Output the entries below exactly as written, omitting pictures.

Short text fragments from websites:
##############################

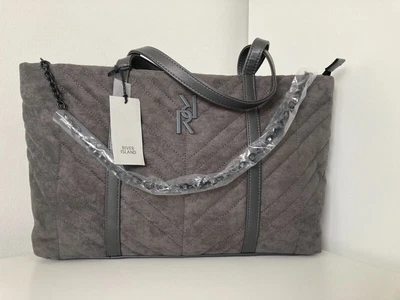 £32.99 • Buy River Island GREY Large SUEDETTE RI QUILTED TOTE Bag Handbag New With Tags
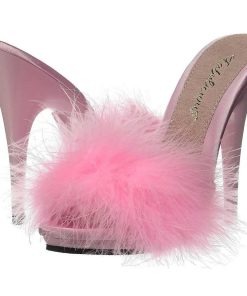 Slip In Klackar Mini Plata höga klackar | Pink 13 Cm Poise-501F Maraboufjadrar Hoga Slip In Skor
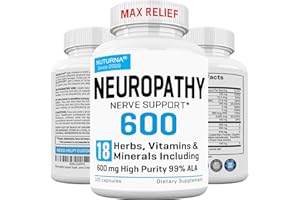 NUTURNA Neuropathy Support Supplement with 600 mg HP-99 Alpha Lipoic Acid - Max Strength ALA Nerve Formula for Feet Hands Fingers Legs - Ultra Potent 18 in 1 Natural Peripheral Nerve Vitamins - 120 Capsules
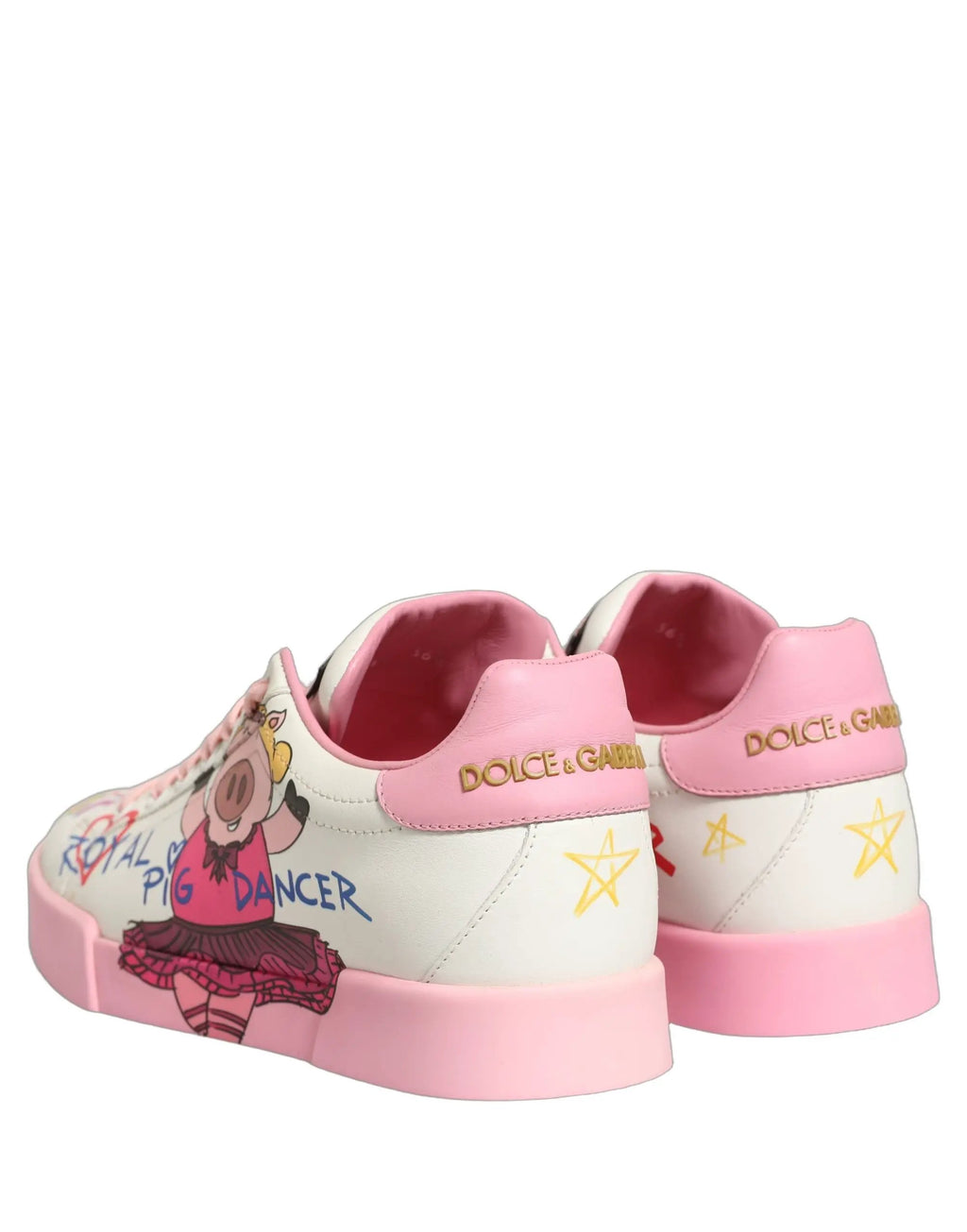 Chaussures Baskets Dolce & Gabbana Portofino Rose Blanc Cochon Royal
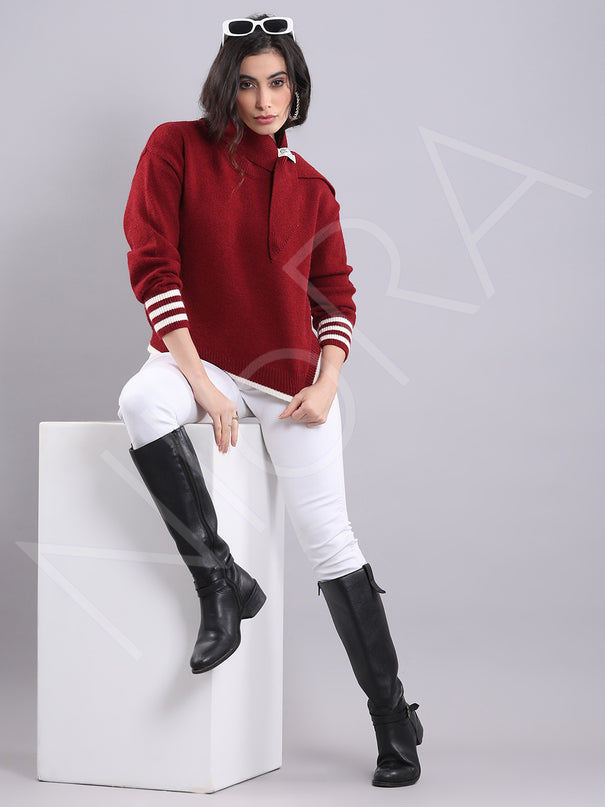 Wrap Neck Knit Pullover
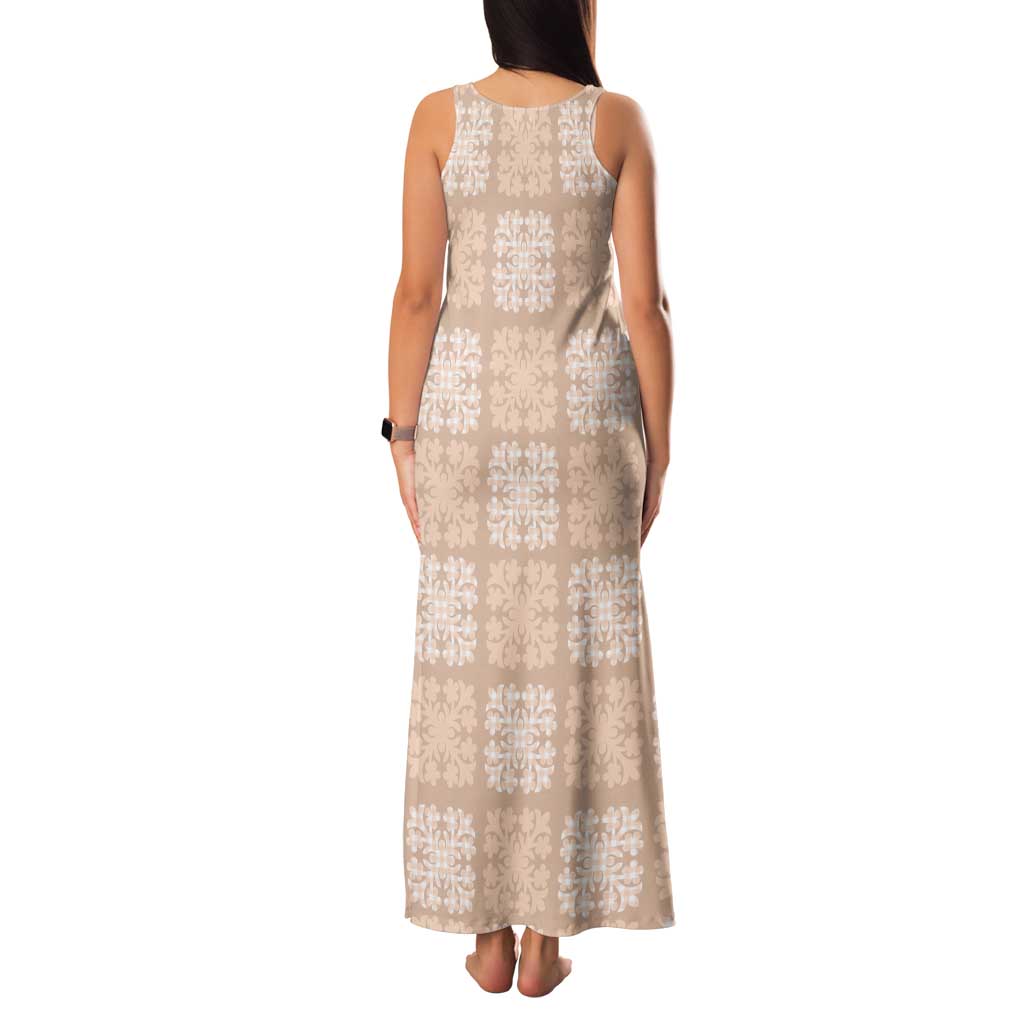 Beige Palaka Quilt Hawaii Family Matching Tank Maxi Dress and Hawaiian Shirt Traditional Hawaii-plaid Pattern - Polynesian Pride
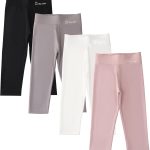 سروال كابري ضيق لليوغا للبنات من شيكدو، سروال صيفي كاجوال مطرز على شكل ارنب للبنات 3/4، عبوة من 4 قطع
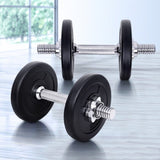 Everfit 10kg Dumbbell Set Weight Plates Dumbbells Lifting Bench FIT-K-DB-SET-30-A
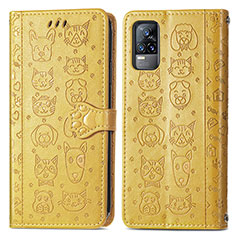 Custodia Portafoglio In Pelle Fantasia Modello Cover con Supporto S03D per Vivo V21e 4G Giallo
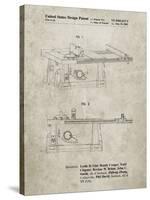 PP999-Sandstone Porter Cable Table Saw Patent Poster-Cole Borders-Stretched Canvas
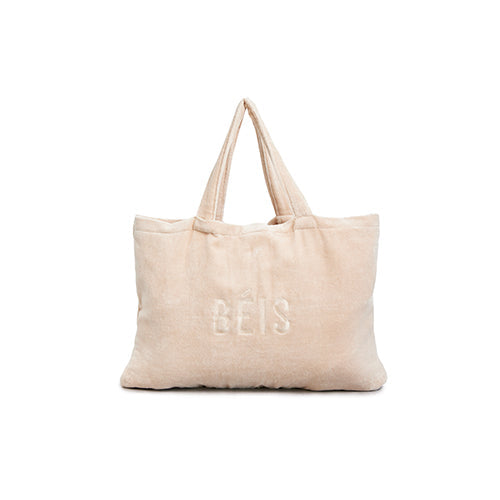 Premium Beige Terry Towel Tote Bag - Soft Cotton Beach Tote for Women - Perfect for Pool, Gym & Shopping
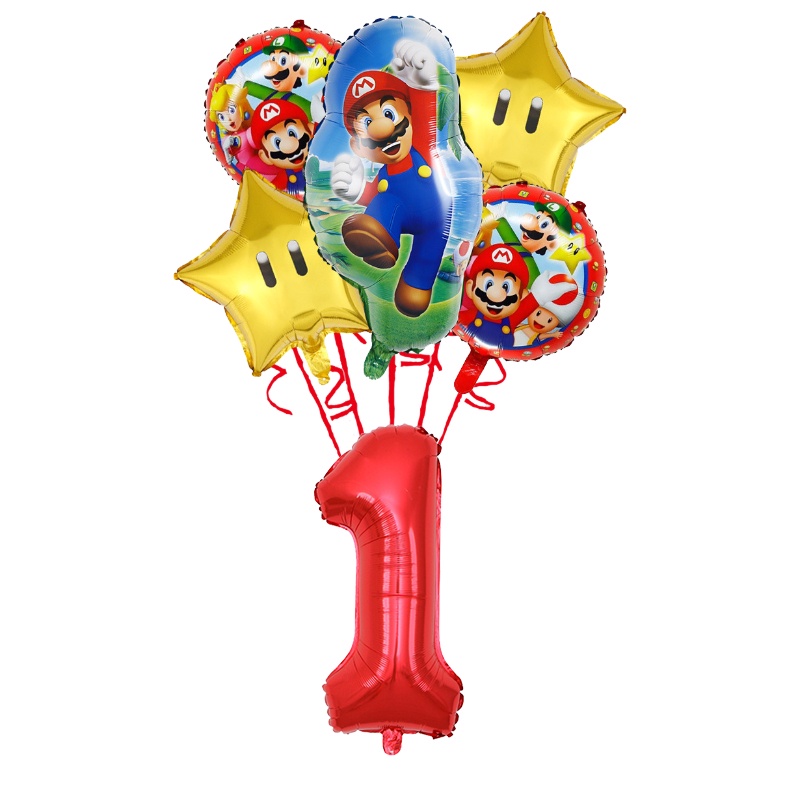 Jual Dekorasi Pesta Ulang Tahun Mario Brothers Balon Alumunium Foil Set ...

##############################

_Output for this exercise_.
 £32.99 • Buy River Island GREY Large SUEDETTE RI QUILTED TOTE Bag Handbag New With Tags
 Slip In Klackar Mini Plata höga klackar | Pink 13 Cm Poise-501F Maraboufjadrar Hoga Slip In Skor
 NUTURNA Neuropathy Support Supplement with 600 mg HP-99 Alpha Lipoic Acid - Max Strength ALA Nerve Formula for Feet Hands Fingers Legs - Ultra Potent 18 in 1 Natural Peripheral Nerve Vitamins - 120 Capsules
 Chaussures Baskets Dolce & Gabbana Portofino Rose Blanc Cochon Royal
 Wrap Neck Knit Pullover
 Beige Palaka Quilt Hawaii Family Matching Tank Maxi Dress and Hawaiian Shirt Traditional Hawaii-plaid Pattern - Polynesian Pride
 سروال كابري ضيق لليوغا للبنات من شيكدو، سروال صيفي كاجوال مطرز على شكل ارنب للبنات 3/4، عبوة من 4 قطع
 Everfit 10kg Dumbbell Set Weight Plates Dumbbells Lifting Bench FIT-K-DB-SET-30-A
 Custodia Portafoglio In Pelle Fantasia Modello Cover con Supporto S03D per Vivo V21e 4G Giallo
 PP999-Sandstone Porter Cable Table Saw Patent Poster-Cole Borders-Stretched Canvas
 Premium Beige Terry Towel Tote Bag - Soft Cotton Beach Tote for Women - Perfect for Pool, Gym & Shopping
 Jual Dekorasi Pesta Ulang Tahun Mario Brothers Balon Alumunium Foil Set ...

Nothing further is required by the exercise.